Former Commissioner of the Food and Drug Administration, Dr. Scott Gottlieb told CNBC on Friday that he believed the White House had carefully considered all of its treatment options decided to give up president Donald Trump the experimental coronavirus antibody cocktail Regeneron Pharmaceuticals.
“It was a perfectly reasonable decision to give him active therapy, and then it simply became a choice of therapy,” said Gottlieb “Quick money,” before Trump be forgiven to Walter Reed Medical Center “out of caution” after his diagnosis of coronavirus.
“I wouldn’t conclude that they chose the Regeneron product over any other – other than that given the data they knew, they were probably the most effective of the products when they looked at the Regeneron product data.” added Gottlieb, who headed the regulator under Trump from May 2017 to April 2019.
Not everyone in the medical community agrees with Gottlieb about the decision to give Trump experimental treatment. Some shared concerns about the president’s preferential treatment as the drug wasn’t approved by federal regulators, and others pointed to the limited data available.
On Twitter, a doctor said: “V.I.P. medicine does not mean better medicine if there is no data.”
Regeneron confirmed that it was providing a single 8 gram dose of its REGN-COV2 treatment for use by the President, whose Coronavirus diagnosis was announced just before 1 a.m. ET Friday. Regeneron’s antibody drug is still experimental and has not been approved by the FDA for emergency use. However, it was provided in response to a compassionate use request.
CNBCs Meg Tirrell It was reported Friday that a “limited number of patients” had also received the drug on this basis after talking to Dr. George Yancopoulos, Regeneron’s scientific director, had spoken.
On Tuesday, Regeneron said its REGN-COV2 treatment improved symptoms and reduced viral load in non-hospitalized patients with mild to moderate Covid-19. This was based on the results of the first 275 study patients. At the time, the company stated so plans to discuss “quickly” the first results with regulatory agencies, including the FDA.
Regeneron’s REGN-COV2 is an experimental recording of antibodies generated in the laboratory that mimics how the body would react to a foreign intruder. The goal is to strengthen the immune system’s defenses instead of waiting for human biology to do its job.
In a White House memo on Friday, Trump’s doctor, Dr. Sean Conley, the president received Regeneron’s antibody cocktail “as a precaution.” Conley also wrote that Trump “remains tired but in good spirits”.
Trump has one too light feverNBC News reported Friday afternoon, citing three people familiar with his condition.
The White House did not immediately respond to CNBC’s request for comment on the decision to give Trump the antibody drug.
Gottlieb said he thought if Trump received early treatment for Covid-19 it would be was likely be Gilead Sciences‘remdesivir. The antiviral drug was approved by the FDA in an emergency, but for patients with coronavirus in the hospital who are seriously ill.

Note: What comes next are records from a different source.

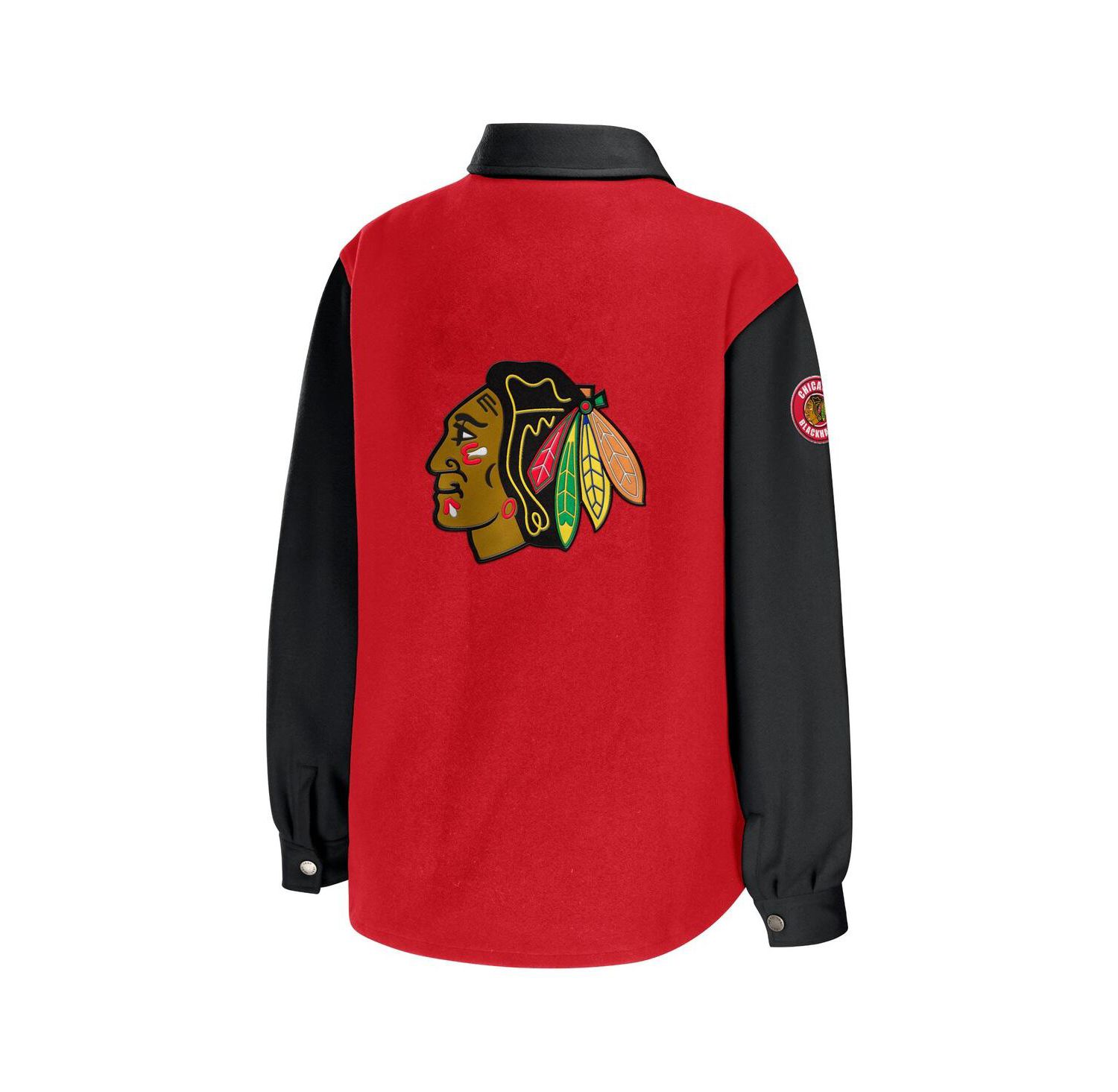 Women's Red, Black Chicago Blackhawks Colorblock Button-Up Shirt Jacket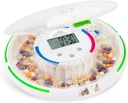 Live Fine Automatic Pill Dispenser עם 28 ימים אלקטרוניקה מארגנת, 6 Dosage תבניות, Easy-Read LCD Display, Sound & Light התראות & Key for Prescriptions, ויטמינים, תוספים ועוד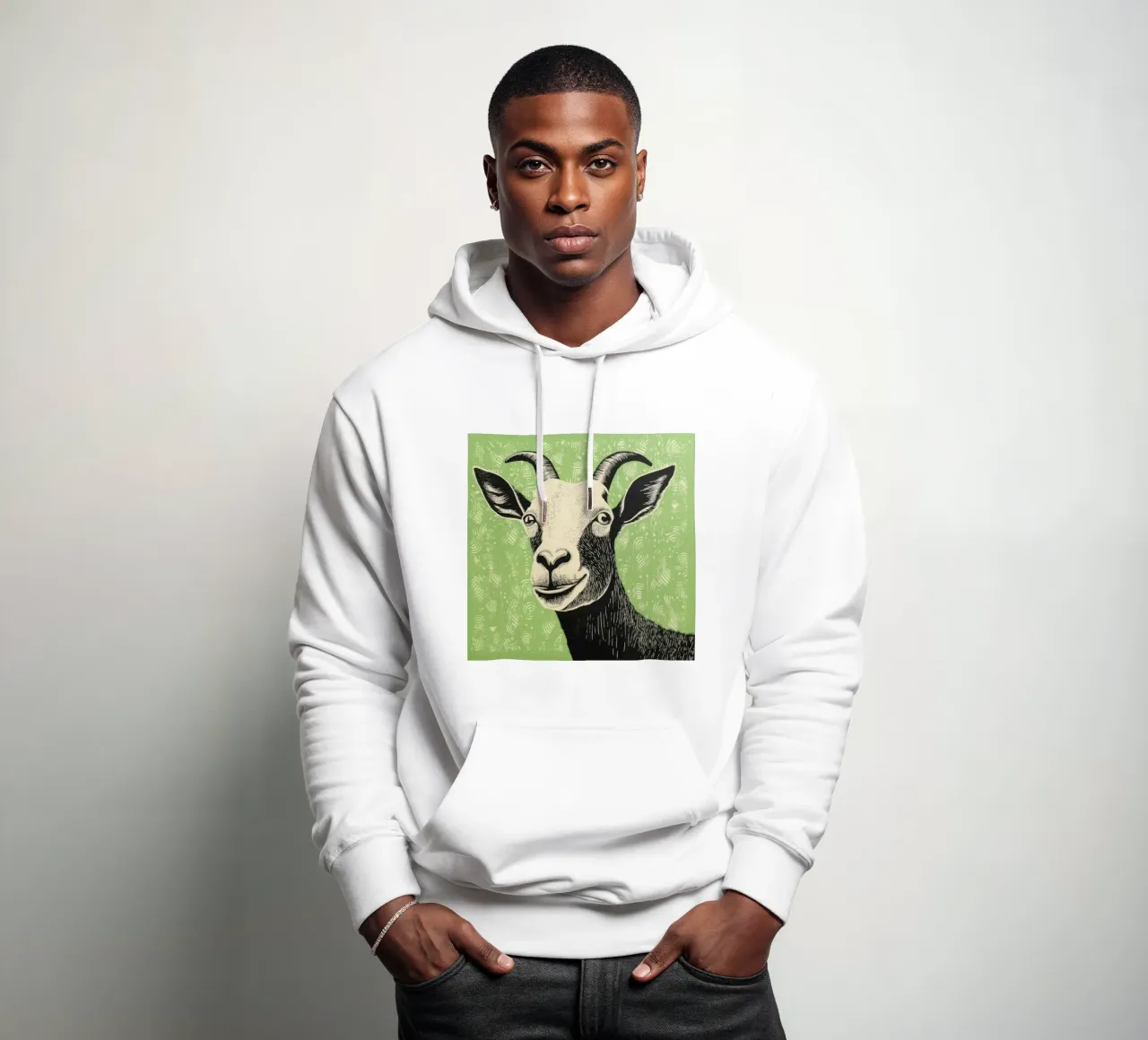 Capra verde 4 felpa con cappuccio da Minimal Animal Art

“I would have thought that they would use remdesivir as there is more data on this drug at this point and we are seeing the drug being used earlier and earlier as the disease progresses,” said Gottlieb, adding that he was “optimistic” opposite Regeneron is drug, but it’s still very early.
“You could get a lot of use, but you just don’t know,” he said.

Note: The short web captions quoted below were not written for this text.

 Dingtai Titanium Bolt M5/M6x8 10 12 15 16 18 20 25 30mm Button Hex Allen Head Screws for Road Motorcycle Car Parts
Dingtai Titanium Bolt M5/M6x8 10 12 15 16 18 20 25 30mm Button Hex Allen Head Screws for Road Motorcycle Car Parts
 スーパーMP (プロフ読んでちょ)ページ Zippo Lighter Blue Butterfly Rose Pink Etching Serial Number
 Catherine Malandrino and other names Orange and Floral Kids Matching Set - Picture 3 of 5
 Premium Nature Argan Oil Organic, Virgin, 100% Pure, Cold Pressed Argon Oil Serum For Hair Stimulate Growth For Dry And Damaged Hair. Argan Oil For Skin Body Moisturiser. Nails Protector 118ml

Gottlieb, however, pushed back on any suggestion that Trump, who is receiving Regeneron’s treatment, should be a cause for concern. He said virtually every other American at this point in his coronavirus diagnosis would only be monitored by medical professionals in the hopes that symptoms would not worsen.
“For a President of the United States, if you have available therapy, I think you will deliver it, especially if you understand the safety profile of these products and believe that they are otherwise safe and will not make his condition worse,” Gottlieb said.
However, some doctors are skeptical of the decision to treat Trump with the antibody drug. “It’s bad science, bad medicine, and bad ethics to give unproven things to powerful people,” wrote Dr. Vinay Prasad in a Twitter post. Prasad is an associate professor of medicine and a practicing hematologist-oncologist at the University of California at San Francisco.
“I will say that in no case have I heard from a patient, particularly the importance of the president receiving an experimental infusion of an antibody cocktail,” added Seattle-based pulmonologist Dr. Vin Gupta added on MSNBCwho also urged more information from the White House.
In addition to Regeneron’s antibody cocktail, the president also takes zinc, vitamin D and the histamine blocker famotidine.
Treatment with famotidine was “speculative” at the time, although there are studies looking to see if it might be beneficial in coronavirus patients, Gottlieb said.
“There are studies to suggest that vitamin D supplementation can be beneficial when you are low on vitamin D, but you should take vitamin D before you get sick,” he added. “I don’t think any of these drugs are problematic or harm. I just don’t know that they will have any treatment effect in this situation.”